LVSL – On assiste depuis quelques années à un retour en force du néolibéralisme en Amérique latine. En Équateur, ce basculement ne s’est pas opéré par l’arrivée de l’opposition au pouvoir (comme c’est le cas en Argentine ou au Brésil) mais par la subversion interne d’Alianza País, le parti qui vous avait porté à la présidence de la République en 2006 et qui a reconduit Lenín Moreno, que l’on désignait comme votre successeur. Comment cela a-t-il été possible ?
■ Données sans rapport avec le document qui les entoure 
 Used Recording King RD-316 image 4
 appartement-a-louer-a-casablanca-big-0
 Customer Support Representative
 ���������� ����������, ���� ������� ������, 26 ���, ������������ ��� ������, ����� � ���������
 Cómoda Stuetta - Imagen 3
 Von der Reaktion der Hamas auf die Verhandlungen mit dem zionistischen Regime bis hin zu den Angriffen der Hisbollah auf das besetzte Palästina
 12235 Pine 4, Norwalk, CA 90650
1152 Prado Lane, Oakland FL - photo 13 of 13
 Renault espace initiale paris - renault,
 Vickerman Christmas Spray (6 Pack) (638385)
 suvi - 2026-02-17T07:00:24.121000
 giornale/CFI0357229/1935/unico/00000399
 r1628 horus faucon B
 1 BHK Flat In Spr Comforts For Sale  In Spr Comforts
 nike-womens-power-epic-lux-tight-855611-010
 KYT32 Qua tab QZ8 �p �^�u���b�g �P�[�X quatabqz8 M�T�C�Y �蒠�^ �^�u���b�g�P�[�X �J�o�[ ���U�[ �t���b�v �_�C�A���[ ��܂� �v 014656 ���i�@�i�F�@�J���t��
Rafael Correa – Tout d’abord, revenons sur le contexte. Nous sommes effectivement revenus en arrière par rapport à la fin des années 2000, où huit des dix pays d’Amérique du Sud étaient dirigés par des gouvernements de gauche. Cependant, le tableau n’est pas aussi sombre que dans les années 90,  où le second tour des élections opposait systématiquement la droite et l’extrême-droite, où la gauche n’existait pas. Aujourd’hui, la gauche existe, et elle ne stagne pas à 3 %. Au Brésil, elle est arrivée en seconde position aux dernières élections, ainsi qu’en Argentine. En Équateur, nous avons gagné, mais nous avons été trahis. Cette année, la gauche peut remporter les élections en Argentine et en Bolivie.

Il n’y a donc pas, comme dans les années 90, une domination généralisée de la droite. En revanche, elle est prête à tout pour anéantir les dirigeants de gauche partout où elle en a la possibilité, comme à l’époque des dictatures. Regardez le cas de Lula, de Cristina Fernandez de Kirchner, le cas de mon vice-président [ndlr l’ex vice-président équatorien Jorge Glas est aujourd’hui en prison, accusé de « corruption » par les autorités judiciaires équatoriennes], et mon propre cas. Ils essaient d’anéantir la gauche, mais celle-ci est encore profondément ancrée dans les sociétés ; il y a une véritable force qui s’est exprimée il y a quelques semaines pendant les élections locales en Équateur, pour ne donner qu’un exemple.

Que s’est-il passé en Équateur ? Nous avons été trahis. Le gouvernement a remis l’Équateur entre les mains des mêmes groupes qui dominaient le pays avant la Révolution citoyenne. Sa popularité est très faible, et il compte sur l’appui du pouvoir médiatique, contrôlé par les multinationales. Le gouvernement actuel sombre dans la dictature : il fait absolument ce qu’il veut, ne respecte pas l’ordre constitutionnel, ni les normes démocratiques, ni les droits humains, persécute ses adversaires politiques – mais comme cette persécution est dirigée contre nous, on ne dit absolument rien dans le reste du monde ; même en Équateur, les médias sont silencieux sur ces violations.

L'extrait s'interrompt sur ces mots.